В нескольких метрах от нашей машины я замечаю колонку с ручным приводом, о которой говорил Шевцов. Она-то мне и нужна. Подбегаю к ней, нацеливаясь на то, что мне необходимо. Лёд. Но он внизу, куда капает вода намёрз гладкой горкой, которую никак не подковырнуть. Но на счастье мне попадается на глаза какая-то железяка. Отвёртка, что ли. Наверное, кто-то потерял на стоянке. Ею мне удаётся поддеть ледышку и отковырнуть кусок. Такого должно быть достаточно.
Возвращаюсь в машину и заворачиваю лёд в уже испачканный шарф.
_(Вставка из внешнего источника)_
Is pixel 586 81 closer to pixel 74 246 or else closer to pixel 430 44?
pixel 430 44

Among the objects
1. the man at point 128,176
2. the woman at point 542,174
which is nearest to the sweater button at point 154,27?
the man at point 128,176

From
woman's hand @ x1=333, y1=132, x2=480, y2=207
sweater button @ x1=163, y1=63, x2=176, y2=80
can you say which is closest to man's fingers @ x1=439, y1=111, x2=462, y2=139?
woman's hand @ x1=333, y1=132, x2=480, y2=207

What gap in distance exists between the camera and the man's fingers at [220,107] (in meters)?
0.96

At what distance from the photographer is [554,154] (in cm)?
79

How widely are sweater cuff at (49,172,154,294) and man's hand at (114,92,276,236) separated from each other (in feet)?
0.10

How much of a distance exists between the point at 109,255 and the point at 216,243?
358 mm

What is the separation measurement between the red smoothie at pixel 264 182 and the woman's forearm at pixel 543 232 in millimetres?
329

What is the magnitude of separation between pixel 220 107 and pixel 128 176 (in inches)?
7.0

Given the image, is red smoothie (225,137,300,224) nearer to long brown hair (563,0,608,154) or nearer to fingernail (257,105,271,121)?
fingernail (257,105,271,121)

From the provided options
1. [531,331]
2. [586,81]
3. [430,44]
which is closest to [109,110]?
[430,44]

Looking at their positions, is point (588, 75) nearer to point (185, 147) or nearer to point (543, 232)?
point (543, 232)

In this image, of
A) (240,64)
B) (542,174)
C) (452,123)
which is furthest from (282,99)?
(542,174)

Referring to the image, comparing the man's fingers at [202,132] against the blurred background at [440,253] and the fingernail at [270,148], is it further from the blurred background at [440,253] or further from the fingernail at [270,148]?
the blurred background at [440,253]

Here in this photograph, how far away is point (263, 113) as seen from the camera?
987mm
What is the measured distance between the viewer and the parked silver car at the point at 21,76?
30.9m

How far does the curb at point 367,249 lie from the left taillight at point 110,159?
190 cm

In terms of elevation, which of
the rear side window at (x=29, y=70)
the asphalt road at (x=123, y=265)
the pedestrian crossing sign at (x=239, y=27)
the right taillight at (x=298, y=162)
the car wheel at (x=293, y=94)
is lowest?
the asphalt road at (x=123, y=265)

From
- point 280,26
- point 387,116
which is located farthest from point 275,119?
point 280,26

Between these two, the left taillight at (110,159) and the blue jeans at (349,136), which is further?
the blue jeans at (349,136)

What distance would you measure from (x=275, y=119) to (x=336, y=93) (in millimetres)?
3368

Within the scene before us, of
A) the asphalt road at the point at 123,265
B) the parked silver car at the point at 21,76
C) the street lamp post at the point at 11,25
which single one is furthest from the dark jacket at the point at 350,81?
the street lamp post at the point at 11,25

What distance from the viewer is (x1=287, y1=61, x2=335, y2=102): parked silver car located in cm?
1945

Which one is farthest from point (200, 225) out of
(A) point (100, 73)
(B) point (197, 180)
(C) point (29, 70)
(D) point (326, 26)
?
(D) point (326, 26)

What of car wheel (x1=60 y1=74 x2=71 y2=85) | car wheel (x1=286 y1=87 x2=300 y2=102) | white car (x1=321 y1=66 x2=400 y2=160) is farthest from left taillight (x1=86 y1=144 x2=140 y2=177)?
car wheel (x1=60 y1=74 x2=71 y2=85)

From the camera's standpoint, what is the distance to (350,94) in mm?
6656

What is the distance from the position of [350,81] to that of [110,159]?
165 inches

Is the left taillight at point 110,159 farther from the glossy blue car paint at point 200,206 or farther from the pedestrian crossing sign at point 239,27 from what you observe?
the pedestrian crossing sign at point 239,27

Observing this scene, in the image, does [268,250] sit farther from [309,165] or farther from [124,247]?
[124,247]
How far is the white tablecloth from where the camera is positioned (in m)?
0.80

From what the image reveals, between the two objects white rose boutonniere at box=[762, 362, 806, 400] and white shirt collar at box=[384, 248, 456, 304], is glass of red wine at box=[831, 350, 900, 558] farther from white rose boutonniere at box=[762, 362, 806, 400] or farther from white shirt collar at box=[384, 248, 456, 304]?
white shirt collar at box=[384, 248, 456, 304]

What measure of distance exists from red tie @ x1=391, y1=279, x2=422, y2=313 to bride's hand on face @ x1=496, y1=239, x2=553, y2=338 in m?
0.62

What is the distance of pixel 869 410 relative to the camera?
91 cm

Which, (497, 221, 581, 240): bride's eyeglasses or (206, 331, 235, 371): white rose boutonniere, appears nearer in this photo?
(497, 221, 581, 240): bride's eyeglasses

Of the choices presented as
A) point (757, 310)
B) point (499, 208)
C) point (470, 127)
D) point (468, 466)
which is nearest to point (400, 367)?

— Держи, — протягиваю Алексею. — Приложи к рёбрам, должно немного облегчить боль.
Шевцов послушно выполняет мои указания и, закрыв глаза, откидывается на подголовник.
Я открываю бардачок и вытаскиваю оттуда аптечку.
— Там есть обезболивающие? — спрашивает Шевцов, не открывая глаз.
Я ищу, но кроме средств первой помощи ничего не нахожу.
— Здесь только жгут, бинты и перекись.
— Ладно. Хрень с ним, дома найду.
Я разрываю упаковку ваты и обильно смачиваю кусок перекисью.
— Держи, — протягиваю ему.
Но Шевцов лишь разворачивает лицо в мою сторону, не открывая глаз, и замирает. Я сначала тушуюсь, но потом собираюсь. Ему плохо и нужна моя помощь.
Аккуратно прикладываю вату к разбитой губе, перекись шипит, а Шевцов вздрагивает и открывает глаза, недовольно щурясь на меня. Смотрите, принцесса прямо. Но этого я, естественно, не произношу.
— Что вы не поделили с этим парнем? — спрашиваю, чтобы заполнить паузу, ставшую какой-то неловкой.
— Я трахнул его сестру.
Вот так вот. Прямо и откровенно. Но пусть даже не думает, что ему удалось смутить меня.
— И ей не понравилось? — выдаю, едва заметно сглотнув ком в горле.
— Отчего же, — ухмыляется Алексей, всё же заставив меня смутиться. — Понравилось. Но брату, появившемуся во время поцесса, она сказала иначе.
— Ты же её не… — каменею. Мне ли не знать, как жестоки игры этих избалованных подростков.
— Слушай, бестолочь, — Шевцов внезапно со злостью хватает меня за запястье, отчего я пугаюсь и роняю вату, — я же тебе уже говорил, что мне подобное неинтересно.
— Мне больно, — выдерживаю его взгляд, хотя у самой всё сжимается в животе от страха.
Лекс отпускает руку, но не взгляд. Я отодвигаюсь подальше на своём сидении. Не стоит забывать, кто он, и как ко мне относится. Подобные ситуации не делают нас ближе.
Шевцов забирает у меня бутылочку с перекисью и выходит на улицу. Я вижу, как он поливает из неё костяшки рук, потом идёт умываться к колонке. Меня передёргивает, стоит лишь представить, как ему сейчас холодно.
Вернувшись в машину, вытирается небольшим полотенцем, которое достал из бардачка, и усаживается за руль. Снова собран, хоть и вид довольно усталый и помятый. Кровь из носа уже не течёт, видно, что губы разбиты с одной стороны.